GIVEN DATA ▸
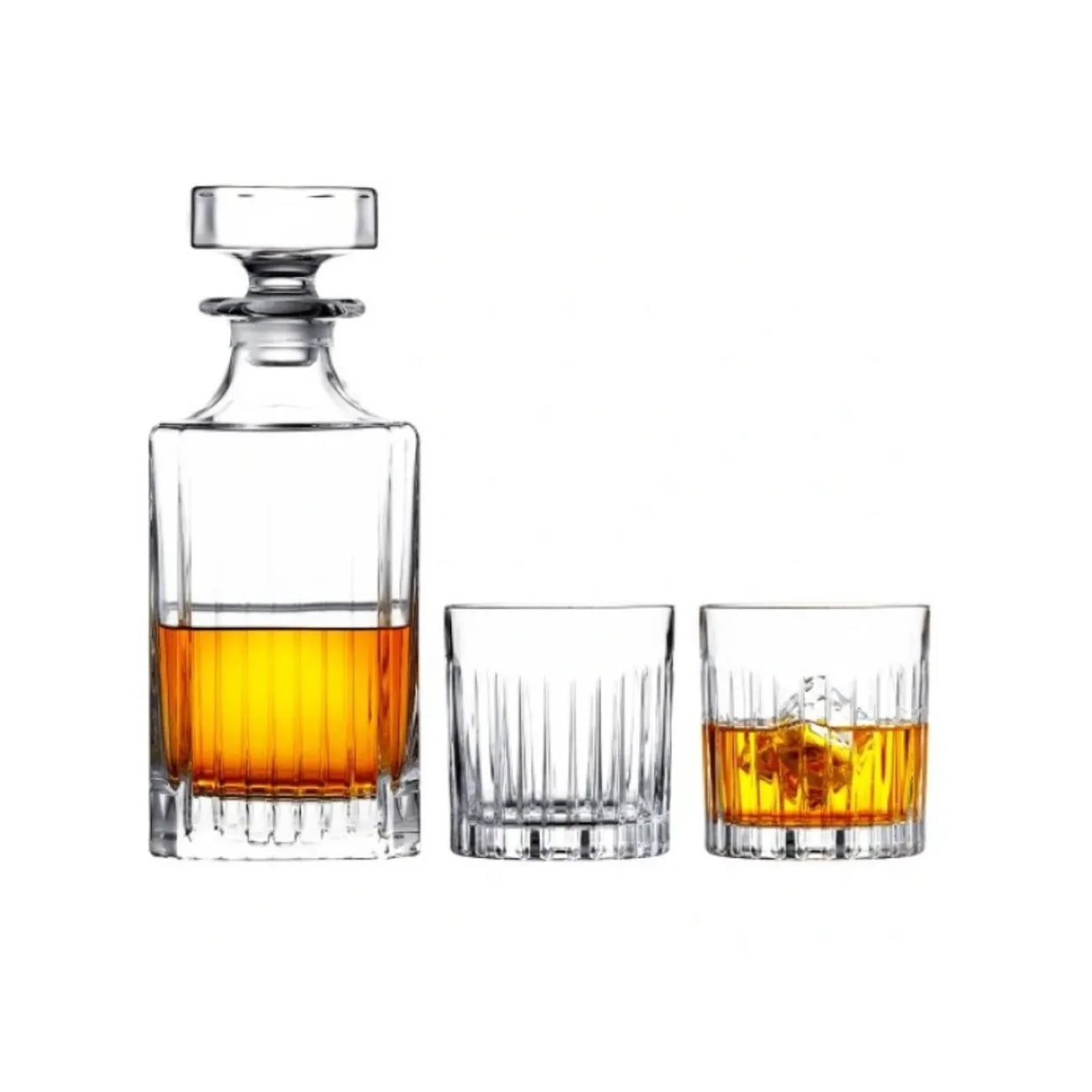 RCR Timeless Whisky-Set, 7-teilig.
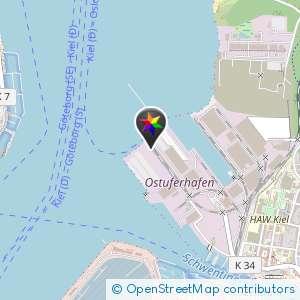 DFDS kiel port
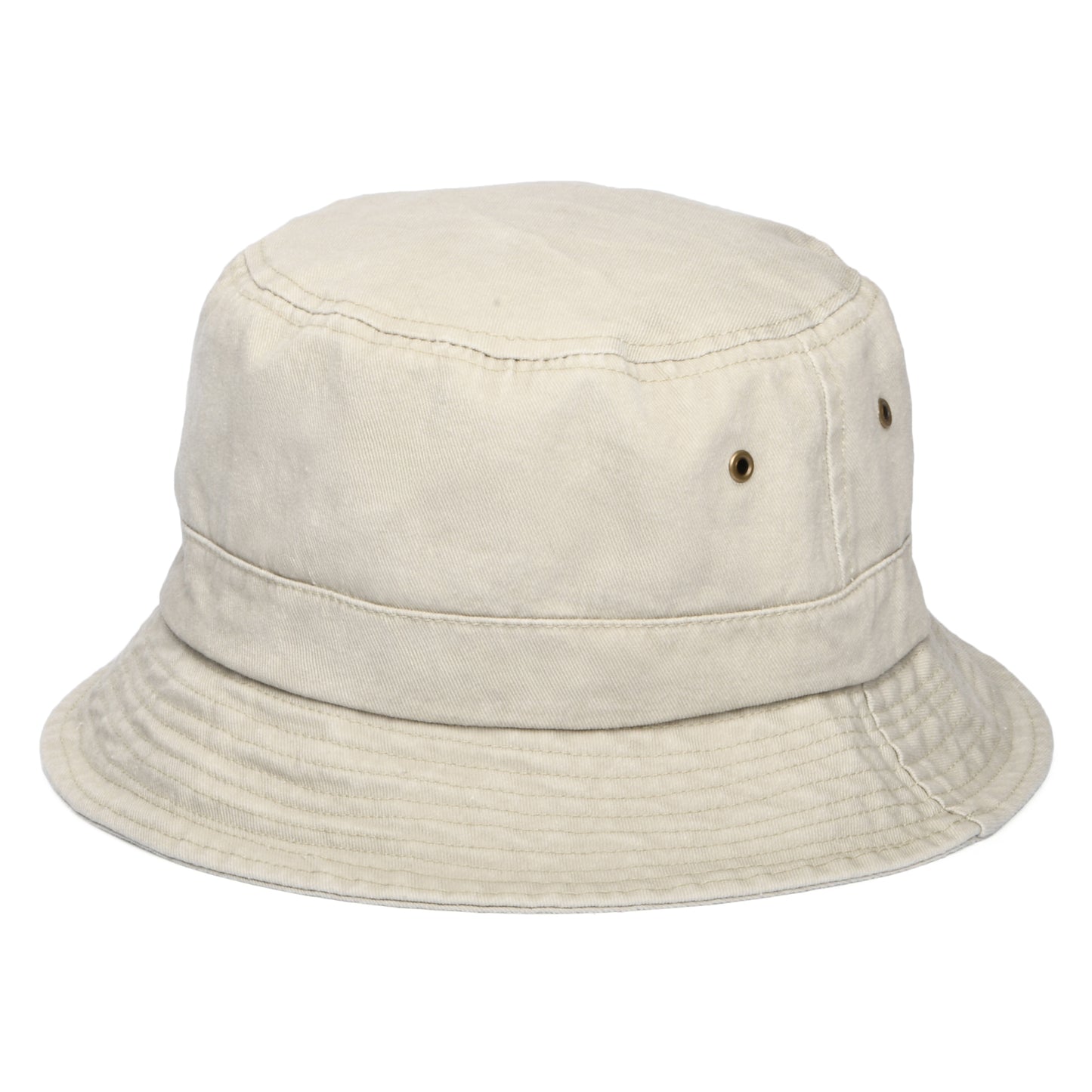 Jaxon & James Packable Cotton Bucket Hat - Putty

WHAT TO DO ▸
Exactly the lines from the line that contains "DFDS kiel port" through the last line above, and no other lines, must be output, with pictures excluded.

RESULT FOR THIS TASK ▸
 DFDS kiel port
 Jaxon & James Packable Cotton Bucket Hat - Putty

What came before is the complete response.